这里是调用T5LayerCrossAttention的forward函数，输入是decoder_input_emb, encoder_attention_mask, 以及key_value_states，这里的key_value_states就是encoder的输出，计算过程分为3部分：

第一步，self.layernorm进行层归一化

normed_hidden_states = self.layer_norm(hidden_states)

第二步，self.EncDecAttention，它是T5Attention的一个实例，与encoder的SelfAttention计算几乎完全相同，不再重复罗列计算过程，不同之处在于：
- query_states对应于decoder的输入，维度是(bc, n_head, decoder_input_len, head_dim)，例如(16, 6, 1, 64)；key_states和value_states对应于encoder的输出，维度是(bc, n_head, encoder_input_len, head_dim)，例如(16, 6, 104, 64)
- 由于decoder没有relative_position_bias，这里的positon_bias元素值全为零
- 由于decoder的use_cache为True，这里会存储present_key_value_states，也就是(key_states和value_states)

第三步，残差连接。

layer_output = hidden_states + self.dropout(attention_output[0])

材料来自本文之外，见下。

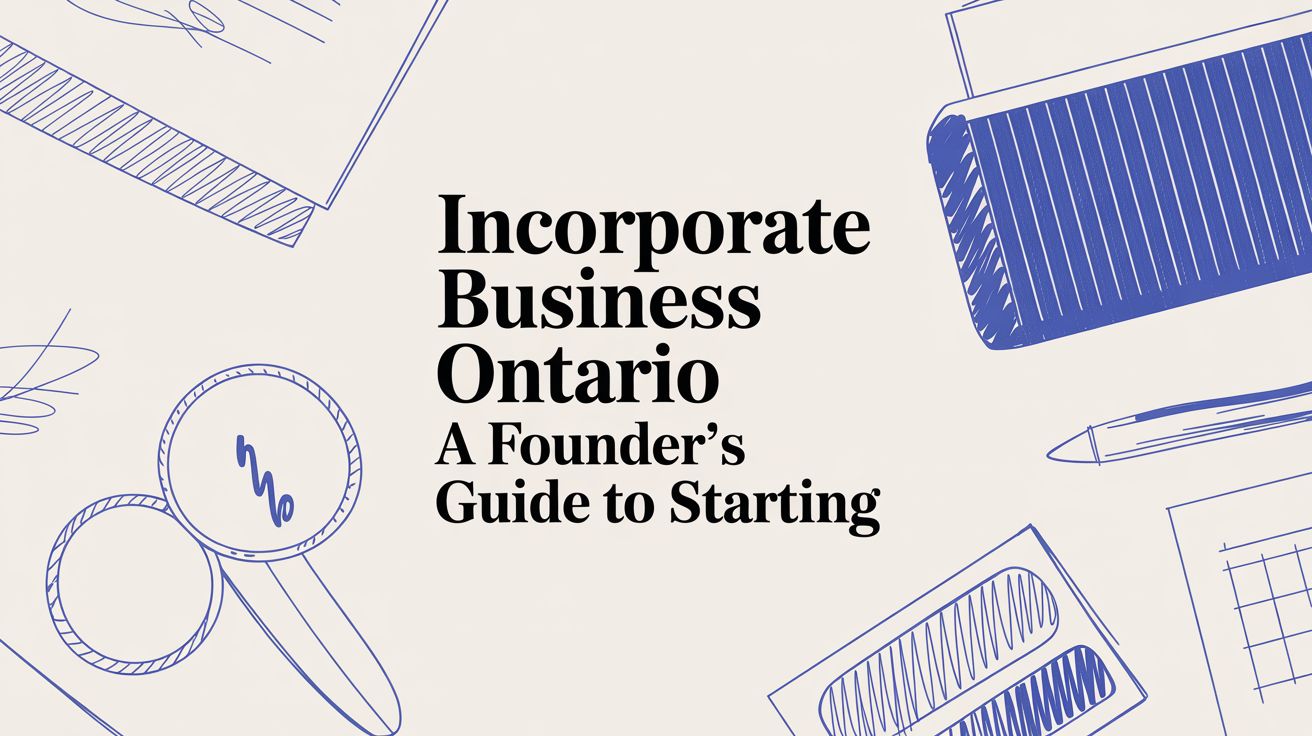 Incorporate a Business in Ontario: A Founder's Guide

Part 3.3 Feed Forward Layer

这部分和encoder完全一致（详见Step 2. Encoder推理 - Part 3.2 Feed Forward Layer），不再重复介绍。

Part 4. LN&dropout

这部分和encoder完全一致（详见Step 2. Encoder推理 - Part 4. LN&dropout），不再重复介绍。

Part 5. 存储Dict

这部分和encoder完全一致（详见Step 2. Encoder推理 - Part 5. 存储Dict），不再重复介绍。

Part 6. 获取生成字

第一步，把decoder的输出送入self.lm_head，它是nn.modules.Linear的一个实例，用于得到生成字的logits。logits的维度是(16, 1, 50000)，也就是(bc, 1, word_dict_size)。

lm_logits = self.lm_head(sequence_output)

第二步，用[:, -1, :]取当前生成字的logits，然后调用logits_processor预处理这个logits，logits_processor就是前文提到的MinLengthLogitsProcessor，控制生成序列长度不得小于min_len。输出维度为(16, 50000)，也就是(bc, word_dict_size)

next_token_logits = outputs.logits[:, -1, :]
next_tokens_scores = logits_processor(input_ids, next_token_logits)

第三步，torch.argmax，得到当前概率值最大的token的id，维度为(16,)，也就是(bc)，

next_tokens = torch.argmax(next_tokens_scores, dim=-1)

第四步，把这个token_id拼接到input_ids上，用于下一个时刻的while循环。如果这个token_id是’<\s>'或者while循环结束，就会停止继续生成下一个字。

至此，greedy search就结束了，这里的input_ids就是最终的输出。